O levantamento foi elaborado com dados da Relação Anual de Informações Sociais, do Ministério do Trabalho e Emprego, e integra o Observatório do Trabalho do Pará, parceria entre o Dieese e a Secretaria de Estado de Assistência Social, Trabalho, Emprego e Renda. A análise inclui trabalhadores do setor privado e servidores públicos.

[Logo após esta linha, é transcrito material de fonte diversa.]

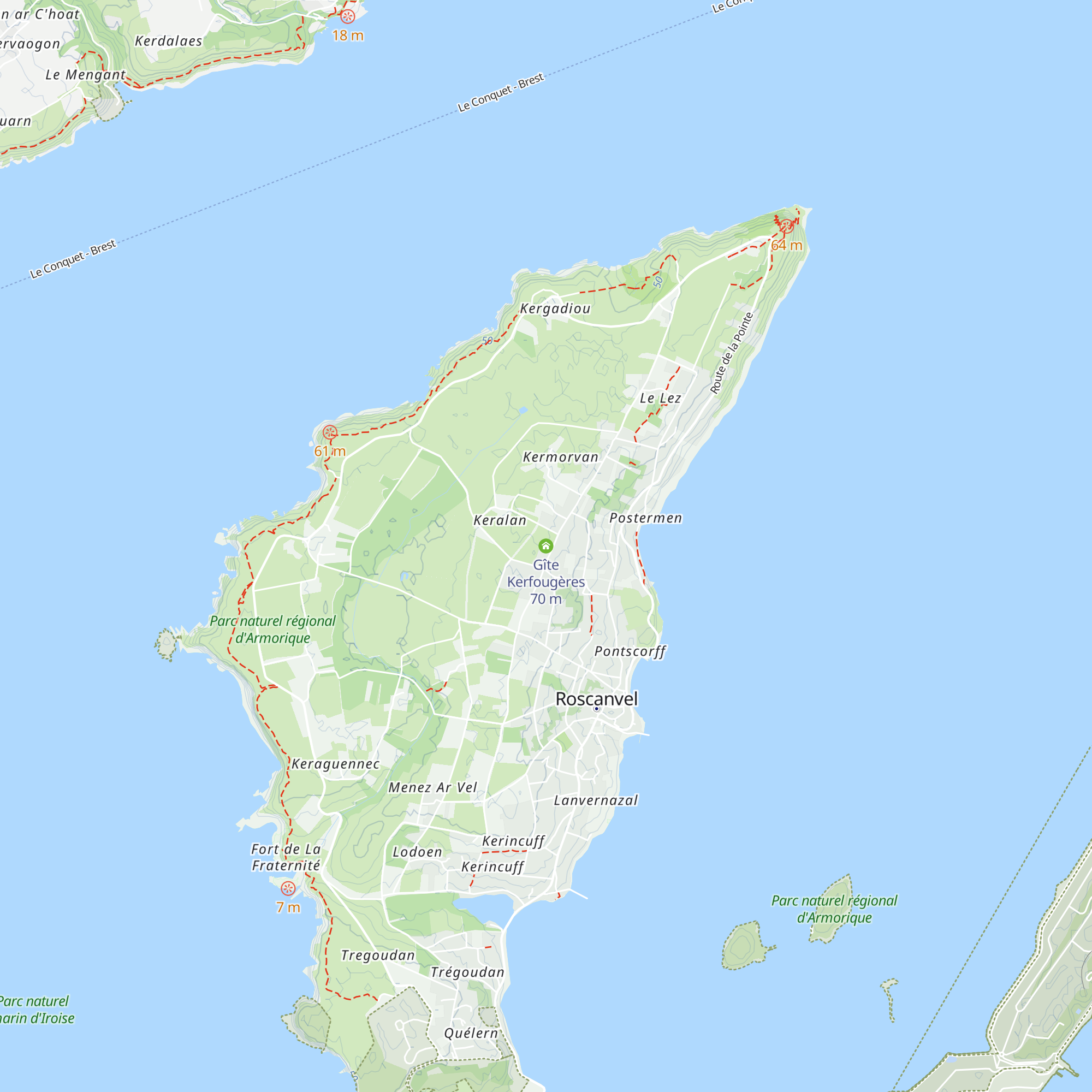 Gîte Kerfougères map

Crescimento e participação no mercado
Entre 2024 e 2025, o número estimado de trabalhadores com deficiência subiu de 15.032 para 16.860, crescimento de 12,16%. No mesmo período, o mercado formal paraense cresceu 10,07%, com a criação de 144.124 vínculos. A participação das PcD, contudo, avançou apenas de 1,05% para 1,07%.
O percentual paraense permanece abaixo da média brasileira, de 1,27%. O Distrito Federal lidera o ranking nacional, com 1,83%, seguido por São Paulo, com 1,55%. Na Região Norte, o Pará fica atrás apenas do Amazonas, onde as pessoas com deficiência representam 1,28% do emprego formal.
Perfil dos trabalhadores PcD
O mercado permanece majoritariamente masculino. Dos 16.860 trabalhadores estimados, 12.139 eram homens, correspondentes a 72%, enquanto as mulheres somavam 4.721, ou 28%. A deficiência física concentrava 42,1% dos vínculos, seguida pelas deficiências visual, com 18,9%; auditiva, 15,6%; múltipla, 13,8%; reabilitados, 5%; e intelectual, 4,7%.
Embora ainda represente o menor grupo entre os principais tipos analisados, a deficiência intelectual apresentou o maior crescimento proporcional: 32,6%, passando de aproximadamente 595 trabalhadores em 2024 para 789 em 2025.
Escolaridade e setores de atuação
A escolaridade aparece como fator decisivo para a inserção. Mais da metade dos trabalhadores PcD, 52,6%, possuía ensino médio completo, enquanto 17% tinham nível superior. Outros 11% não haviam concluído o ensino fundamental, e 10,6% possuíam fundamental completo.
O setor de Serviços liderava as contratações, com 9.466 trabalhadores, ou 56,1% do total. A Indústria reunia 18,8%; o Comércio, 16,4%; a Construção Civil, 5,5%; e a Agropecuária, 3,2%. A remuneração média foi de R$ 4.058, cerca de 2,2% acima da média geral do emprego formal paraense, de R$ 3.970,33. O Dieese pondera que o resultado pode ser influenciado por carreiras públicas com salários superiores aos praticados no setor privado.
O estudo conclui que a ampliação das oportunidades depende de qualificação profissional, eliminação de barreiras de acessibilidade e cumprimento da Lei Federal nº 8.213, de 24 de julho de 1991, que determina reserva de vagas para PcD e reabilitados em empresas com 100 ou mais empregados.